One of these species has had its genome sequenced, and the other has independently evolved to look very similar and live in the same environment. The anole genome will make anoles an even more powerful group in which to study evolutionary convergence. Photos by Melissa Losos (left) and Pete Humphrey (right).
When the genome of Anolis carolinensis is finally published, most attention will focus on how this genome, the first reptile to be sequenced (not including birds), differs from other vertebrate genomes, and what these differences may tell us about genome evolution. No doubt this will be interesting, but the real value of this genome–in my unbiased opinion–resides in the questions we finally will be able to address about the evolutionary process, particularly in one model system of evolutionary study, Anolis lizards. Chris Schneider published a perceptive article, “Exploiting genomic resources in studies of speciation and adaptive radiation of lizards in the genus Anolis,” on this topic three years ago, and I will briefly expand on his points here.

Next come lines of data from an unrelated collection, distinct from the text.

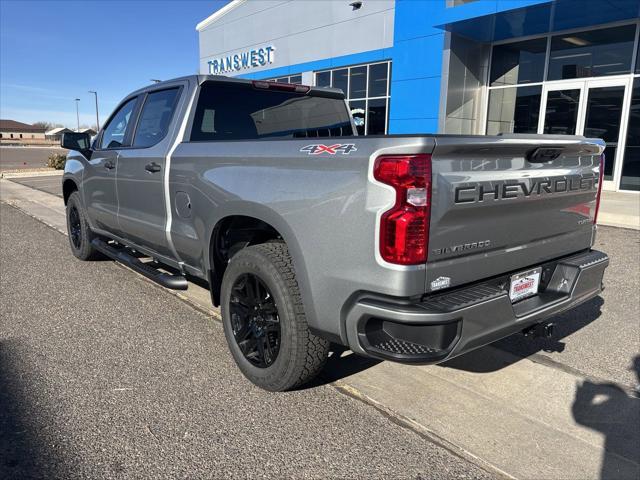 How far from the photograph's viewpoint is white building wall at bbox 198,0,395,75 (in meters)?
16.1

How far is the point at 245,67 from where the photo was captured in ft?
73.2

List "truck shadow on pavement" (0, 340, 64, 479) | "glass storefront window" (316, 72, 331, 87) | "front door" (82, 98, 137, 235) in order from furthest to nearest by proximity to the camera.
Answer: "glass storefront window" (316, 72, 331, 87) < "front door" (82, 98, 137, 235) < "truck shadow on pavement" (0, 340, 64, 479)

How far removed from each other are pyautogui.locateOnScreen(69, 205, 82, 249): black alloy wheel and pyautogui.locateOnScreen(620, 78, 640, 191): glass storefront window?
12025mm

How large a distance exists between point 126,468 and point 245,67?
2195 centimetres

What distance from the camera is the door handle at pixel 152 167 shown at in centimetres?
394

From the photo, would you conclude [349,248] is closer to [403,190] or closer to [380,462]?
[403,190]

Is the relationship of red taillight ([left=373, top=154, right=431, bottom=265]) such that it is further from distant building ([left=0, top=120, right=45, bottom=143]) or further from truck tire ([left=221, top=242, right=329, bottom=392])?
distant building ([left=0, top=120, right=45, bottom=143])

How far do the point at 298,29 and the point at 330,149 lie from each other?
18352 millimetres

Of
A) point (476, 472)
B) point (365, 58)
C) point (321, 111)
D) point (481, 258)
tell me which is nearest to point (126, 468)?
point (476, 472)

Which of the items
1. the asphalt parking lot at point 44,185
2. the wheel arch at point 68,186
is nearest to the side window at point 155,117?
the wheel arch at point 68,186

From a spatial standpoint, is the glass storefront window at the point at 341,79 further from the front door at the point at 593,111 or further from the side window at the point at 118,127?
the side window at the point at 118,127

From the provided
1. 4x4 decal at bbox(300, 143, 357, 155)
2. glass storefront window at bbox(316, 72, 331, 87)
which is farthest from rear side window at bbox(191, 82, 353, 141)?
glass storefront window at bbox(316, 72, 331, 87)

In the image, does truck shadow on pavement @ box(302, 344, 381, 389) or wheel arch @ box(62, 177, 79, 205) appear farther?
wheel arch @ box(62, 177, 79, 205)

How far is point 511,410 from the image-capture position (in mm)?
2938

An anole genome will be useful for evolutionary studies in two ways. First, a long-standing question in evolutionary biology concerns the genetic basis of convergent evolution (i.e., when two or more evolutionary lineages independently evolve similar features). Do convergent phenotypes arise by convergent evolution of the same genetic changes, or do different lineages utilize different mutations to produce the same phenotype? In other words, does convergence at the phenotypic level result from convergent change at the genetic level, or can different genetic changes produce the same phenotypic response? In the last few years, molecular evolutionary biologists have produced a wealth of studies investigating whether convergent changes in coat color in rodents, eye and spine loss in fish, bristle loss in fruit flies and many other changes are the result of changes in the same gene, even some times by the very same genetic mutation. Underlying these questions are more fundamental questions about constraints and the predictability of evolution (these topics have been reviewed a number of times in the last couple of years, most recently in a paper by me, in a paper which refers to other recent reviews).

The anole ecomorphs, habitat specialists behaviorally and morphologically adapted to use different parts of the environment. The same set of ecomorphs (with several exceptions) have evolved independently on each island in the Greater Antilles. Figure from "Lizards in an Evolutionary Tree," based on earlier figures in Ernest Williams' work.
Anolis lizards are, of course, the poster child for evolutionary studies of convergent evolution. Indeed, convergence has run rampant in this clade. AA has prattled on endlessly about the famous anole ecomorphs, a set of habitat specialist types that have evolved repeatedly on each island in the Greater Antilles to occupy different habitat niches. This convergence is usually studied in terms of limb length, tail length, and toepad dimensions: arboreal species have big toepads, twig species short legs, grass species long tails, and so on, with these traits independently evolving many times. But the ecomorphs are convergent in many other traits that have received less attention: head and pelvis dimensions, sexual dimorphism in both size and shape, territorial and foraging behavior, to name a few, and the more closely we look, the more convergent traits we find. And, further, anole convergence is not entirely an ecomorph phenomenon; some traits vary within an ecomorph class, but are convergent among species in different ecomorph classes, for example, thermal physiology and dewlap color.
In other words, there’s more convergence in Anolis than you can shake a stick at, and the availability of the anole genome sequence will provide the tools to investigate its underlying genetic basis.